Monday, November 05, 2007

Fall Back

I discovered a new thing that I like about adulthood today. In the past when the time changes in the fall (a.k.a. Fall Back), I have lamented greatly because it gets dark so much earlier in the day. However, this morning I discovered to my amazement that time change affects not only the evening, but the morning as well. Since I have been a student for what feels like the past 100 years, I have not noticed (read: I have slept through) the good side of "Fall Back." It's wonderful! It was so light outside that I was early to work this morning. Come five o'clock this evening when I am already using my headlights I may not be feeling the same, but for now, I love it. Usually the worst part is that I cannot run as late in the evening except for in a few select, well-lit places. This I am partially remedying this year as well. My friend Sarah has introduced me to spin classes and I am going to the second one today. We'll see how this goes, but I am thinking the Fall Back might just get a new reputation in my mind.

Wednesday, October 10, 2007


This is a word I find myself using a lot. That and "good morning." Sometimes I say "good morning" so many times in a day I still revert back to saying it at 5pm. Thus is the life of an operations coordinator (read-"receptionist"). Occasionally, a guest will stop by my desk just to comment how they would never be able to do my job because I am surrounded by people all the time and I have to be nice to everyone. And, it's true, sometimes, I very much struggle with having to be nice to everyone I see. But the hardest thing for me is that, when in doubt, I am wrong. The customer is right, my co-workers are right, it must be my fault. "Sure, I'll go ahead and get you a refund for parking because you didn't read the sign (that is on the parking meter that you paid) that I made yesterday saying that you didn't have to pay for parking."

Today is one of those days. I don't think I'd be happy doing any job today. I must have gotten up on the wrong side of the bed as they say. Maybe I just need lunch.

Monday, September 24, 2007

Beauty and the Mess

As I sit at my desk on this once-again sweltering fall afternoon, my mind wanders back over the last week. I heard a couple of stories last week that are sad to the point of being almost numbing. The details aren't important; what matters is they left me shaking my head and asking why. It was the first time in a while that I felt like jamming my fist in the air and imploring God to tell me Who He is to do such things to good people, people that I care about. Not that I doubt God, I believe that He is entirely sovreign, it's just that I can't see right now how these events could possibly for good. Read again: I can't see it.

And again, I am reminded to trust that these things are ultimately for the good. I am continually amazed as I speak to and hear about the people in the middle of these situations and their calm amdist the storms. In looking at my future as the wife of a Marine at a time when the international conflicts involving our Armed Forces seems unending, it scares me. I already know people who have paid the ultimate sacrifice for our freedom and I know that this number will only grow. What do I do? Do I stay isolated and not give myself as a friend to others in order to protect my emotions?

No.
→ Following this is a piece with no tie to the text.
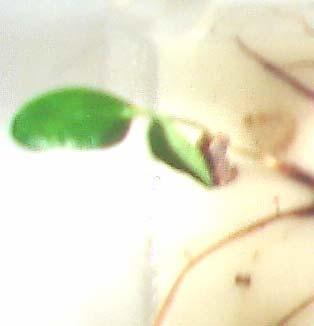 Após sua inoculação em plantas de aroeirapimenteira observou-se que 83% destas apresentaram mancha foliar de formato circular, pequeno e escuro que se desenvolveu ocorrendo necrose do tecido.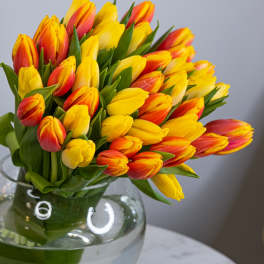 Bouquet of yellow and orange tulips in a clear glass vase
I love movies with happy endings mostly because real life is not like that. Real life is messy and sad, and as John Piper says, suffering only makes our joy more intense. (Note: His podcast is awesome.) We get the beauty and the mess together. I will leave you with a line from one of my favorite songwriters, Sandra McCracken:

"I'd rater have the mystery, and the madness, and the rain, because Hell's the only place we can be free from all love's pain."

Thursday, September 20, 2007


No, it's not a dirty word-get your head out of the gutter. It's actually what Grace wants to go to the zoo and see. Lavingos. You know, those tall pink birds that stand on one foot.

Friday, September 14, 2007

Shameless Plug

Here's some advice: If you ever have an event at the Classic Center, request the chocolate cookies with peanut butter in the middle. They'll change your life.

Friday, September 07, 2007

The seaweed is always greener somebody else's lake. Oh the immortal words of Sebastian the crab. I debated for a while what to call this particular post, and it came down to either the winning title (as seen above) or the losing, "I don't know what to do with my life." It seems to me like every time I think I settle on something, I do it for a month and find myself right back where I started - disillusioned , unsettled, and anxious to know what's next. Oftentimes, I think back to the past and wish that I were in some part of it again. And this is where I am right now. I am happy in the day to day, but I really don't see where this is going. And maybe I have to rest in the fact that I may never know. The people and prophets of the Old Testament lived and died for something that they never saw come to fruition. It's amazing to me that they kept faith for more than a day. Because the more I live, the more I think that it doesn't matter what my profession is (or what I do day in and day out), but it matters how I live my life around the people that God puts me around.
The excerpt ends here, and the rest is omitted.